Bond Bears Dust Off Debt Insurance on Wave of Corporate Pain
Comment of the Day

May 30 2019

Commentary by Eoin Treacy

Bond Bears Dust Off Debt Insurance on Wave of Corporate Pain

This article by Katie Linsell for Bloomberg may be of interest to subscribers. Here is a section:

“There are many people now focusing on single-name distressed situations rather than doing plain-vanilla index trades,” said Jochen Felsenheimer, the Munich-based managing director of XAIA Investment GmbH. “There are lots of idiosyncratic situations rather than systematic triggers.”

Distressed situations are increasing as companies struggle to manage the debt piles they built up during years of largesse. The cost of insuring such companies is surging, with swaps on some of Europe’s riskiest names costing thousands of basis points compared to about 300 basis points for the region’s high-yield benchmark.

Investors are paying up for protection amid speculation they’ll cash out when companies collapse. Moody’s Investors Service forecasts the speculative-grade default rate in Europe will nearly double to about 2% next year from 0.9% in April.

“Defaults are still quite low, but swaps are definitely more relevant today than they were a few years ago,” said Justin Jewell, senior portfolio manager at BlueBay Asset Management in London. “For funds that have the flexibility, these tools are becoming effective again.”

Eoin Treacy's view

The manner in which intangibles have been squeezed out of the valuation of major companies like Kraft Heinz, General Electric and Tesla represent significant changes in the way the prospects for companies is being assessed by the debt markets. That change is a factor of tightening liquidity conditions particularly last year but the strength of the Dollar remains an inhibiting factor to global liquidity this year.

High yield tends to trade like equity and issuers are very interest rate sensitive. This report from Moody’s highlights the fallen angel risk in the lowest rung of investment grade debt. Here is a section:

Fallen Angel risk is rising in global fixed income markets, and unanticipated Fallen Angel downgrades have material adverse consequences for fixed income portfolios. We validate the use of the Moody’s Analytics Deterioration Probability (DP) metric for early detection of Fallen Angel downgrades, and find the tool to be useful for this purpose. Simply strategy backtests based on DP sorts reveal that low DP investment grade bond portfolios in the US and Europe have tended to outperform high DP bond portfolios through the business cycle, with outperformance concentrated in periods of market stress.

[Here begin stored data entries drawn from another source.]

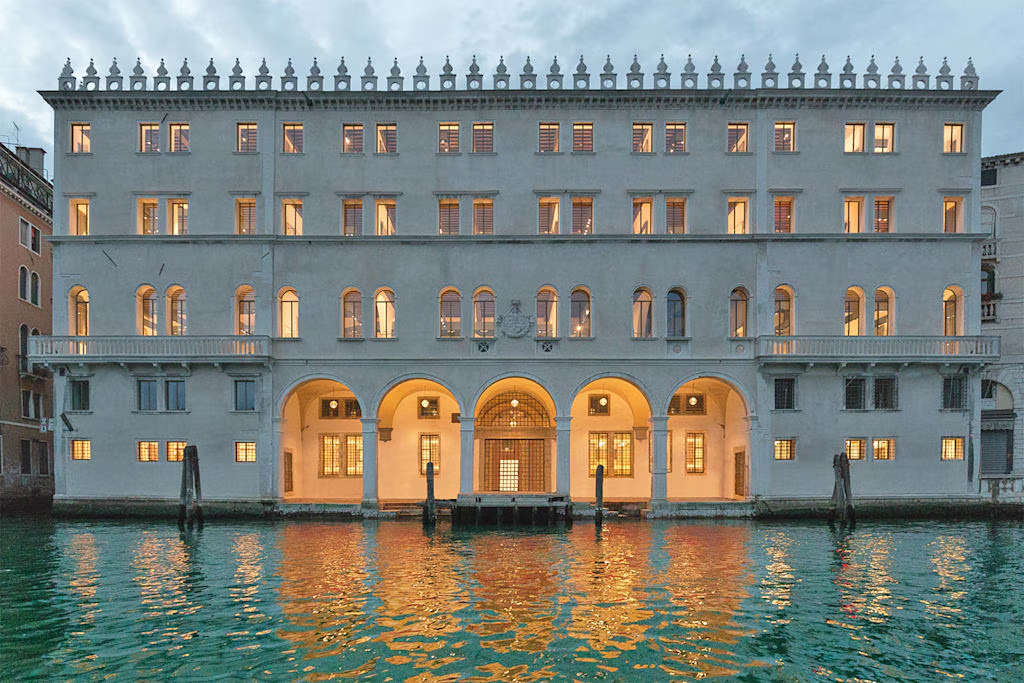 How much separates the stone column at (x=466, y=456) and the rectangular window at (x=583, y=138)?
12018 millimetres

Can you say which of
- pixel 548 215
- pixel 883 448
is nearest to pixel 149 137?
pixel 548 215

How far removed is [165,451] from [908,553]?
1045 inches

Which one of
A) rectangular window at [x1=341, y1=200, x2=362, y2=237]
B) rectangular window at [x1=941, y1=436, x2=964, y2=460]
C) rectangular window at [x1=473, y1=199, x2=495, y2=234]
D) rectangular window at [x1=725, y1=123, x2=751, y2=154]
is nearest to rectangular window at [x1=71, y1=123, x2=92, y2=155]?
rectangular window at [x1=341, y1=200, x2=362, y2=237]

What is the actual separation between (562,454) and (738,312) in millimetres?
9204

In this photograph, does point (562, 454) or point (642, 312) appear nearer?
point (562, 454)

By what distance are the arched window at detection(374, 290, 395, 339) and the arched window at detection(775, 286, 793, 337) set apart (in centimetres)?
1574

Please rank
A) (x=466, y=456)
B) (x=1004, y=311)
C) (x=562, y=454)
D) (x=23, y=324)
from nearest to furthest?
(x=562, y=454), (x=466, y=456), (x=1004, y=311), (x=23, y=324)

Private equity has upwards of $3 trillion in dry powder assets salted away for a looming fallen angel scenario where companies will do whatever is necessary to save their investment grade ranking, including disposing of prize assets; like General Electric did. That also suggests there are going to be very attractive distressed opportunities in the credit markets as they opportunities are explored by short sellers.